Take away the Fed supplemental diet of steady doses of new liquidity infusions, and as you might expect, U.S. stock returns have struggled. However, they have not struggled as much as many investors may have expected. In fact, just this week in May 2015, the DOW (DIA) and S&P 500 (SPY) traded to new all-time highs. As new all-time highs have been set in 2015, the number of pundits making their predictions of doom in the market seems to get larger and larger. See article: Stockman: Stocks and bonds will 'crash soon'.
The 2015 contrary pattern of Treasury rates trending higher since a low reached in January and stocks moving to new all-time highs is very interesting. The more investors worry about the impending doom that the Fed will create by raising short-term rates, or worse drawing down the size of its balance sheet, the more the stock market seems to trade higher. In fact, as illustrated in the graph below, there is a new pattern to which the market is now trading.

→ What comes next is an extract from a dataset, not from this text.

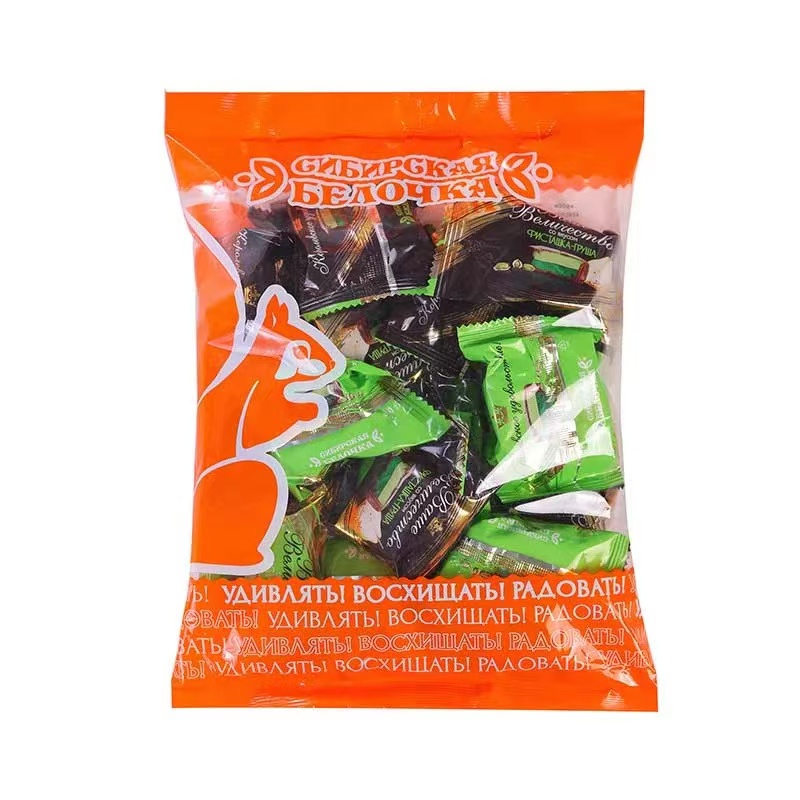 俄罗斯进口古斯纳开心果和梨味双层夹心巧克力糖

As you can see in the graph, since the beginning of 2015, each stock market interim bottom has corresponded with a short-term bottom in long duration Treasuries. Each short-term peak has corresponded with a peak in long-term Treasury rates. The current move up in Treasury long duration rates and corresponding move higher in stock prices has not yet confirmed an interim peak, but my estimate is that the May month end close will likely confirm the next reversal point.